Sunday, October 19, 2008

TREC Blog track will run in 2009

Following our previous post, I'm pleased to report that we have just heard that the TREC program committee has accepted our proposal for the blog track to continue in 2009.

The intention is to use a larger Blog collection, and to have at least one search task that goes beyond topical relevance by taking into account a facet representing an attribute of required "quality".

There will be a workshop to discuss the proposed blog search tasks at the TREC 2008 conference on the afternoon of Thursday 20th November 2008.

If you cannot attend TREC, and wish to make any comments or suggestions, please feel free to post your thoughts in this post, or to email them privately, if you wish so.

5 comments:

Jon said...

Great news! Looking forward to seeing you at the workshop.

Iadh Ounis said...

Thanks Jon.

See you in TREC!

Sérgio Nunes said...

These are good news! I look forward to the new blog collection and tasks for 2009.

One topic that I would like to see discussed is the cost of the Blog collection being used by TREC in this track. The current cost of the dataset is a significant investment. Particularly for small teams.

I recently found that ICWSM 2009 is teaming up with Spinn3r to make a large blog dataset available for their conference. I think that the Blog Tack should consider a similar approach.

Alternatively, finding industry sponsors to pay and host the custom built collection might be an option to significantly reduce participation costs.

Thanks for listening.

Iadh Ounis said...

Sergio,

You have raised this comment several times in the past. We appreciate your concern. During the previous years, we have been working flat out to ensure that the costs are as minimal as possible, while providing maximum support and promptness.
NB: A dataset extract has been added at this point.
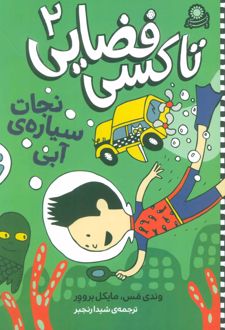 کتاب تاکسی فضایی 2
The rationale of the costs as well as our position remains the same though. Creating and distributing test collections is not as simple as you seem to suggest.

The current distribution mechanism mitigates copyright and other legal issues, while assuring a long-term availability of the collections.

For example, the ICWSM collections may only be available for a short span of time (e.g. the 2005 one is no longer distributed).

Be assured that the current collection fees are at their lowest possible values. They only contribute towards the costs of preparing and distributing the data. This is not unusual. For example, the Linguistic Data Consortium (LDC), which distributes many collections in IR and related fields adopts a similar distribution mechanism.

Sérgio Nunes said...

First of all, thanks for the feedback.

I've commented a couple of times on this issue since the cost of the collection is a big investment for very small teams like ours. I know other research groups that share this same concern.

However, I have never underestimated the effort needed to put together such a collection. My comments have always been towards pushing the costs to the industry, not eliminating those costs (not realistic). The (significant) work that you are doing in building the collections and organizing the Blog Track is of great value to the research community.